Lately I've gone back to Martin Amis's The War against Cliche: Essays and Reviews, 1971-2000, which I bought used on a whim, without knowing a thing about it. The book includes plenty of flippancy, as one might expect from a man who seems to have been forced to spend a large slice of his writing life as a hack reviewer; but Amis does have moments of care and penetration, particularly when he's speaking of grammar. This may seem odd, but in fact to me it's a sign that he's writing as an artist, not as a critic. He understands a sentence as a cohesion of words, as an artifact under construction, or, conversely, as an accident.
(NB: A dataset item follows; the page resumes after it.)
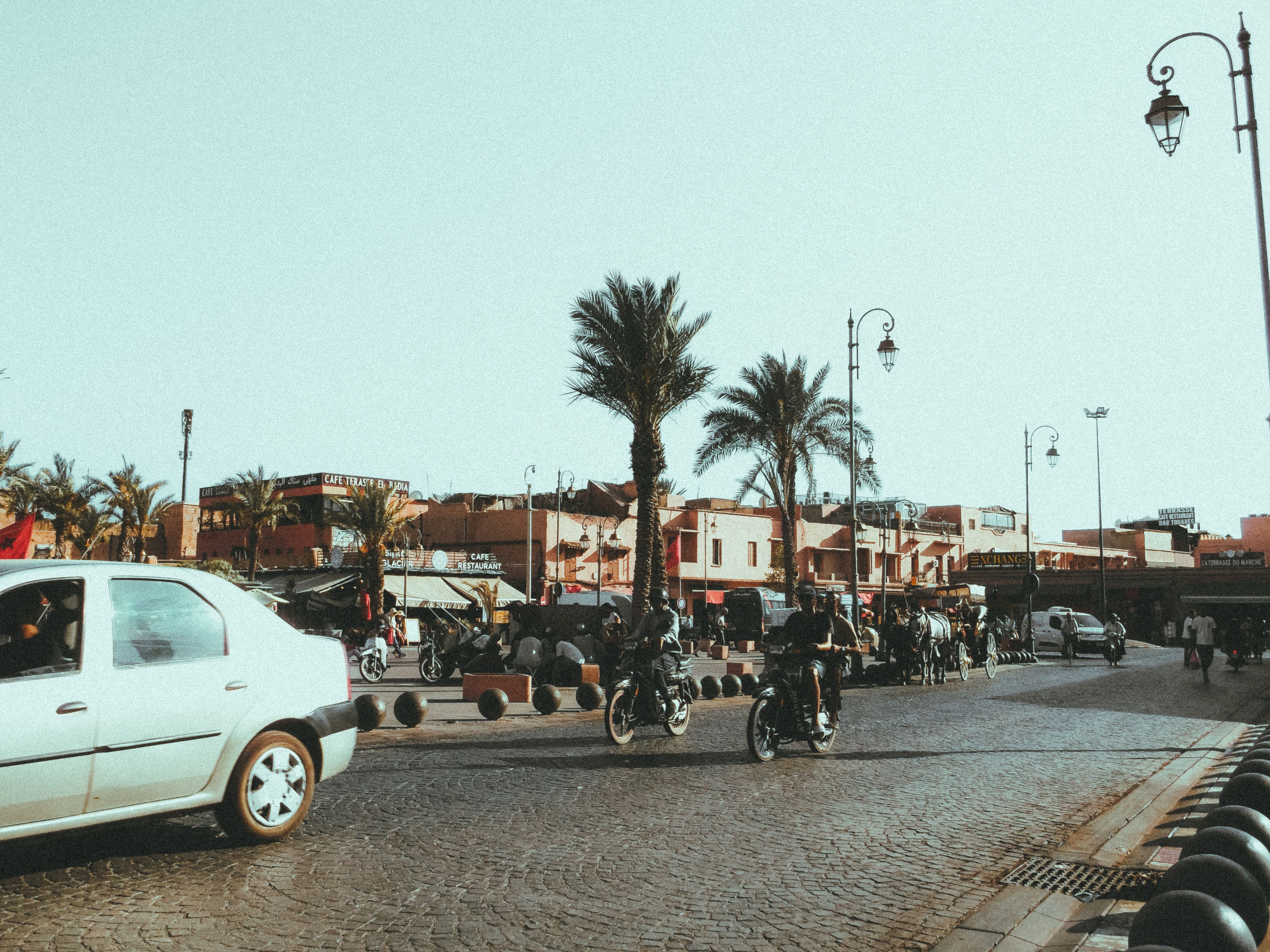 A petit taxi in Marrakech, Morocco, driving through a city street, representing local transportation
I don't always agree with his stylistic pronouncements, but I do admire his concentration on the materials of his art.

But he also has other interesting things to say:

As in his stories, [V. S. Pritchett] has the curious ability to let art shine through him, helplessly. Pritchett is a mirror, not a lamp. He goes at criticism the old way, creeping up on a writer through the life, the letters, the creative temperament on offer. When he interrupts a biographical account to put forward his own view . . . , he is not presenting a rival piece of evidence but merely exerting his artistic confidence. The New Critics tend to look at classic texts as if they were contemporary and anonymous; with Pritchett, criticism is always busily attentive to history, character, and random human traffic.

By the time Amis quotes Pritchett's thoughts on Flannery O'Connor--her "fidelity to the inner riot that may possess the lonely man or woman at some unwary moment in the hours of their day"--I have been entirely convinced that now is the time to reread both short-story writers.

In a review of novelist Angus Wilson's work, Amis notes:

One of the few things I would rather run a mile than do is have an Angus Wilson character over for the evening. His fictional world . . . is a nasty world, but this doesn't stop him [from] being a considerable novelist. No writer can determine what may appeal to his imagination and it is simply philistine to arraign him for the things he happens to write about best.

I think this is an important thing to remember--not just about other people's work but about my own. Presently I believe I am the most boring writer on the planet: forever trampling down the weedy grasses of my own dull quotidian duties, excitements, and anxieties. But it's my stuff. What else do I have? Amis's comment is not exactly a comfort, but it does help me keep lurching on.